Par Christophe Ventura

lundi 24 septembre 2018   |   Christophe Ventura
Lecture .

Table-ronde sur l’élection de Andrés Lopez Manuel Obrador au Mexique dans L’Humanité (14 septembre 2018). Avec Hélène Combes, Roberto Valdonidos, Christophe Ventura.

Mémoire des luttes reproduit les propos de Christophe Ventura.

Pour avoir accès à l’ensemble de cette table-ronde : https://www.humanite.fr/table-ronde-quel-projet-de-transformation-de-gauche-pour-le-mexique-660668

Christophe Ventura, chercheur à l’Iris

L’élection de Andrés Manuel López Obrador à la tête de la république du Mexique s’est placée sous l’égide d’un « projet alternatif » pour le pays centre-américain. En quoi ce projet constitue-t-il une rupture « historique » avec les politiques mises en oeuvre par les gouvernements précédents ?

AMLO a donné un nom à ce projet pendant sa campagne : la « quatrième transformation » du Mexique. Le nouveau président inscrit ainsi son orientation dans l’histoire longue du pays et associe son action aux grands moments de modernisation et d’avancées démocratiques et sociales qu’il a pu connaître sous Miguel Hidalgo (Indépendance), Benito Juarez (la « Reforma »), Francisco Madero (la Révolution).

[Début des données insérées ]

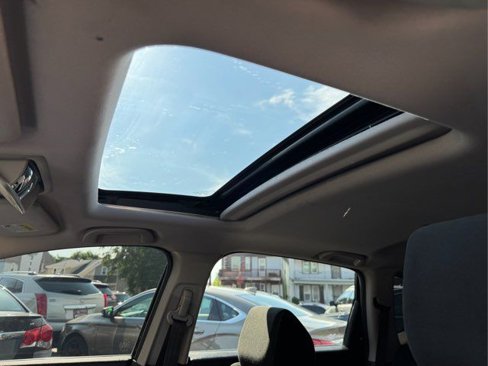 Used 2017 Honda CR-V EX image 12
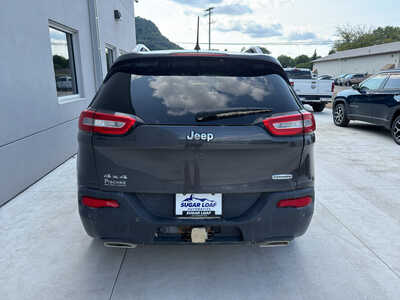 2017 Jeep Cherokee, $12990. Photo 4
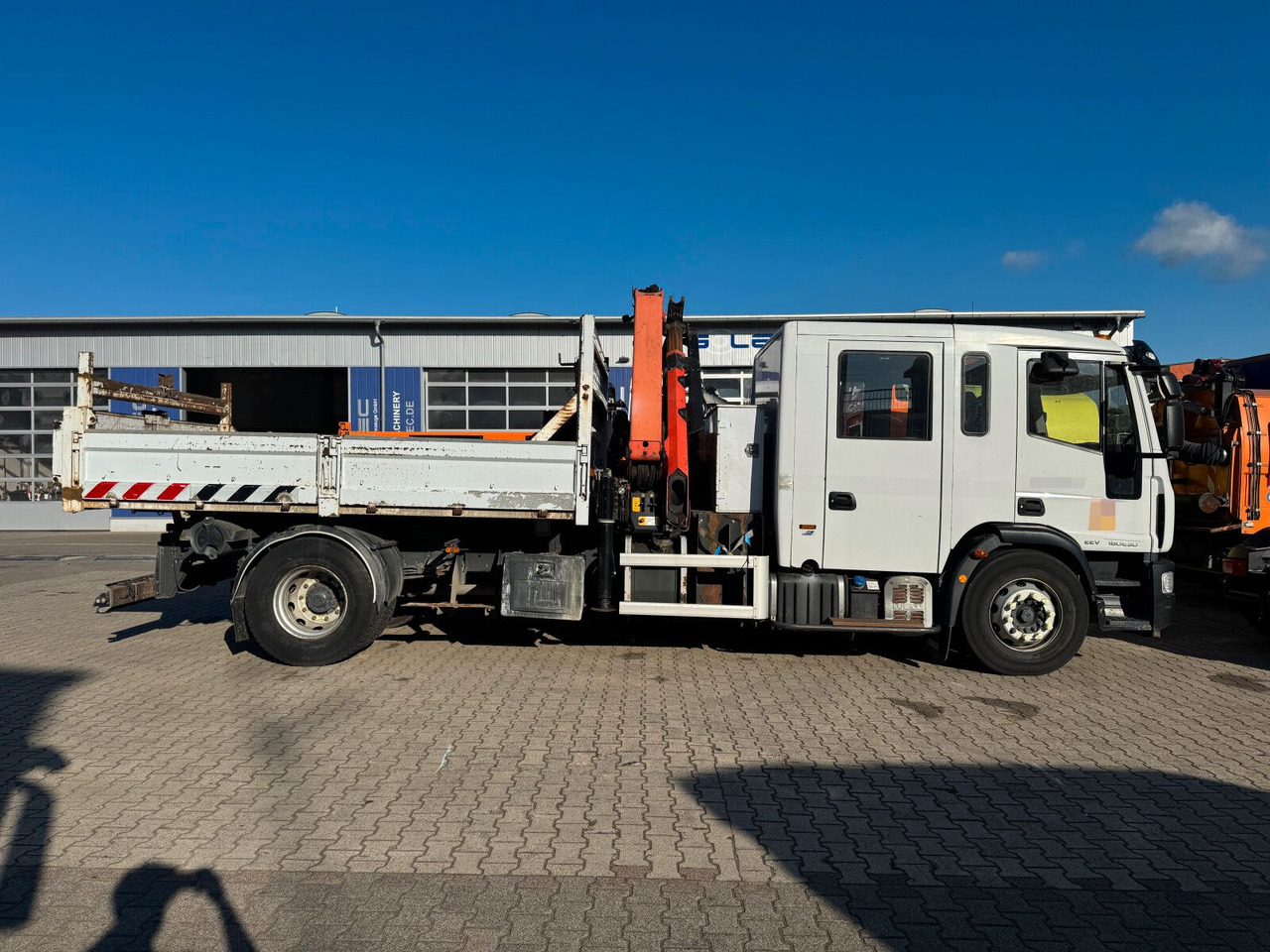 Iveco ML180E 4x2 DOKA Euro 5 Kipper Kran PK16001K-B - Truk jungkit, Truk derek: gambar 2 Iveco ML180E 4x2 DOKA Euro 5 Kipper Kran PK16001K-B - Truk jungkit, Truk derek: gambar 2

On peut résumer ce projet de la manière suivante : refonder l’Etat national au service d’une société plus juste « pour le bien de tous, et d’abord des pauvres », comme il l’a indiqué lors de son discours de victoire.

Ce projet est également celui d’une nation plus autonome. Il s’agit ici de reconstruire la souveraineté du Mexique, du point de vue de son modèle de développement économique – largement soumis aux chaînes de production et de valeur nord-américaines – et géopolitique. AMLO entend inscrire le développement mexicain dans le cadre d’un marché intérieur tiré par une consommation populaire plus forte et des secteurs productifs et industriels nationaux affirmés.

AMLO promet une alliance entre une fraction de la bourgeoisie nationale productive, qui considère qu’il faut assainir un pays devenu quasi ingouvernable pour que puissent continuer à se développer les activités économiques, et les secteurs populaires qui revendiquent des transformations profondes dans le pays, sur le plan démocratique et social.

Ces objectifs sont, dans le contexte de décomposition très avancé du tissu social et de l’Etat (on parle du Mexique comme d’un « narco-Etat », rongé par la corruption généralisée, la violence et les collusions avec le crime organisé), radicaux. Pour voir le jour, ils devront impliquer une révision progressive mais structurelle des rapports politiques, économiques et géopolitiques du Mexique avec son écosystème régional, et notamment avec l’encombrant partenaire nord-américain.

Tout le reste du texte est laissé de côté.